Hi,
I wondered out there amongst you lovely step parents if you could give me feed back on making the move with your partner to living together.
As Ann aside, we have a special situation, live outside the UK, my partners DD 9 sees him every weekend. She is bilingual in his language (he's from another country) and her mothers language (German). He speaks 6 languages (bloody show off!)
I speak German badly, certainly not enough to build up a good relationship at the moment.
He speaks with his ex in English and with me in English. She won't speak German with him, just their language.
My DS 11 speaks English and German, when they play, it's in German.
So already lots of discussions on this. However, we all like each other very much, and some how have a great laugh and enjoy each other's company. In fact she is always asking when she can come here to see us.
But lots of conversations on what we will speak. Personally I feel that DS and I should learn my dps language because his family don't speak English and that's who we want to develop the relationship with, and also I get his DD it's his culture she wants at the weekends.
But I also feel that she should learn English to get more involved with my family in the UK who can't wait to meet her.
Does that sound fair?
Anyhooooo I'm digressing as usual.
We've been engaging more in the conversation of him moving in here and which bedroom she would have, both kids want a dog etc
At the weekend he mentioned that when we do move together I should meet his ex wife. They have an amicable relationship through gritted teeth. He pays maintenance, is a very good father and she has no complaints there. She has just married and is pregnant with her fourth child (3rd from her current partner). So get life is set up I think and they are independant apart from pick ups etc.
I have no problem meeting her, of course.

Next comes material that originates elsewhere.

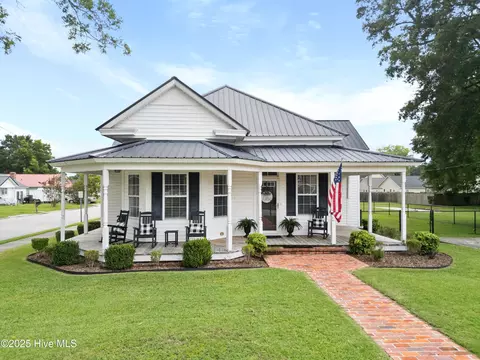 300 E Hargett St, Richlands, NC 28574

However he mentioned that it's only fair she should come and inspect my house and "check the ambience" etc and that it was suitable for her DD.
My ex is dating another woman, DS was unaware until he heard him skyping her. He hasn't met her yet but he asked me about her. I said that his dad was probably not sure if he was ready to introduce her yet and was just taking his time to make sure she was special enough to meet him. From my side (and I met her accidentally at a restaurant) if they wanted to move in together as long as my son came back happy and cared for I feel it's none of my business. I certainly wouldn't be insisting on inspecting their house.
Because I feel that when we split, I lost the right to make any demands on the father of my child.
So I'm just wondering if anyone else had the same demands made on them to make an open house for inspection? I'm quite a private person, and also what if she finds fault? Is she going to provide a fix it list we must adhere to?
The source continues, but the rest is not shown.